Insect Distributions and Biodiversity in the United States
Datasets
For this project, I used insect species occurrence data from the US Department of the Interior and cartographic boundary files from the United States Census Bureau.
The insect species occurrence dataset was tabular and contained an identified individual for each row. Each row included the date, coordinates, and scientific name for the individual. The dataset is hosted by the Global Biodiversity Information Facility, and this site was used to filter the occurrences to be within the 50 states before it was exported and used in the project. Once cleaned, a shape file was produced containing only the individuals that were identified at the species level, their year of occurrence, and the coordinates of the occurrence in WGS84.

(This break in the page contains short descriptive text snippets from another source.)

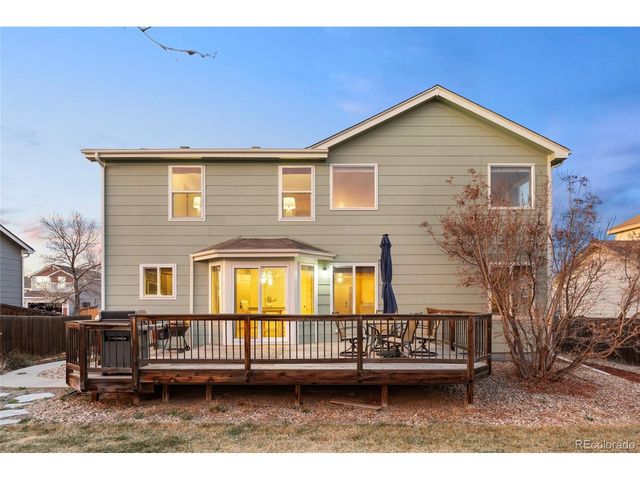 4354 Mt Oxford St, Brighton, CO 80601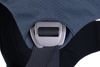 Load Up™ Dog Car Harness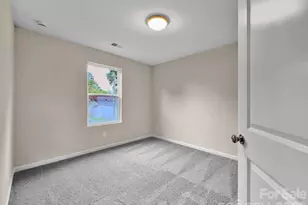 1510 Beechwood Dr, Gastonia, NC 28052 - Photo 15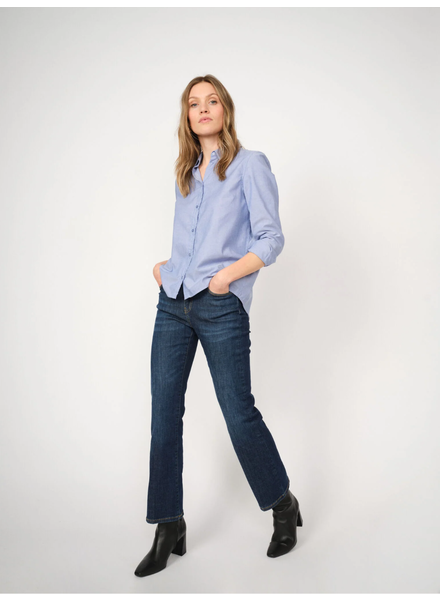 MOS MOSH MMCECILIA COVER JEANS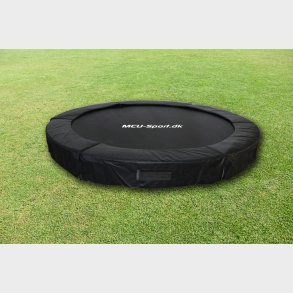 MCU-Sport NedGravet / Inground Trampolin 3.05M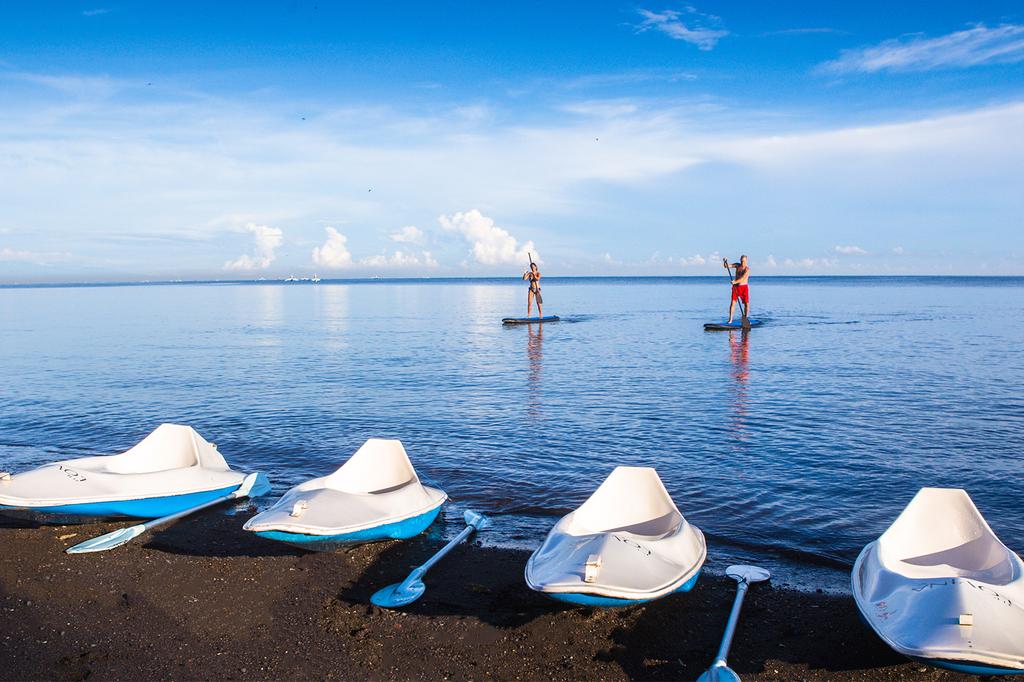 The Lovina Bali image 13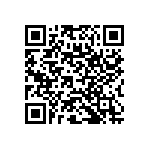 RNC60J2942FSRE6 QRCode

The cartographic boundary files were used to determine in which states and counties each occurrence was reported. These boundary files used a resolution of 1:20m as this produced a good shape of state and county regions without causing difficulties when processing thousands of points in each shape.
Questions
How has biodiversity changed in the United States over time?
For this question, I hypothesized that insect biodiversity had decreased in the United States over time, possibly due to a lowering of species abundance. Using a biodiversity index like Simpson’s index or the Shannon-Wiener index, it would be possible to calculate the biodiversity with respect to the abundance of each species and how many of each species are found in a given region. Biodiversity over time would be evident in a line chart plotting the values of these biodiversity indices over the temporal range of the occurrence dataset for all occurrences in the United States. As well, this can be visualized using a choropleth map looking at state, county, and hex cell regions to get a more fine scale representation of insect biodiversity throughout the United States.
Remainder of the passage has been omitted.